Amazon.com Product Description (ISBN 0670018864, Hardcover)

The eagerly anticipated follow-up to the New York Times bestselling psychological thriller In the Woods

Six months after the events of In the Woods, Detective Cassie Maddox is still trying to recover. She’s transferred out of the murder squad and started a relationship with Detective Sam O’Neill, but she’s too badly shaken to make a commitment to him or to her career. Then Sam calls her to the scene of his new case: a young woman found stabbed to death in a small town outside Dublin. The dead girl’s ID says her name is Lexie Madison—the identity Cassie used years ago as an undercover detective—and she looks exactly like Cassie.

With no leads, no suspects, and no clue to Lexie’s real identity, Cassie’s old undercover boss, Frank Mackey, spots the opportunity of a lifetime. They can say that the stab wound wasn’t fatal and send Cassie undercover in her place to find out information that the police never would and to tempt the killer out of hiding.
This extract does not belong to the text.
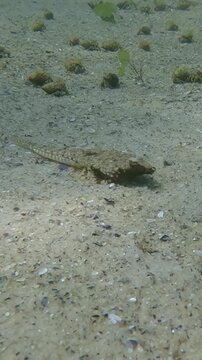 Female Dragonet fish swims on sandy bottom between small hermit crabs on sunny day, Slow motion, Marine life in sandy shallows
At first Cassie thinks the idea is crazy, but she is seduced by the prospect of working on a murder investigation again and by the idea of assuming the victim’s identity as a graduate student with a cozy group of friends.

As she is drawn into Lexie’s world, Cassie realizes that the girl’s secrets run deeper than anyone imagined. Her friends are becoming suspicious, Sam has discovered a generations-old feud involving the old house the students live in, and Frank is starting to suspect that Cassie’s growing emotional involvement could put the whole investigation at risk. Another gripping psychological thriller featuring the headstrong protagonist we’ve come to love, from an author who has proven that she can deliver.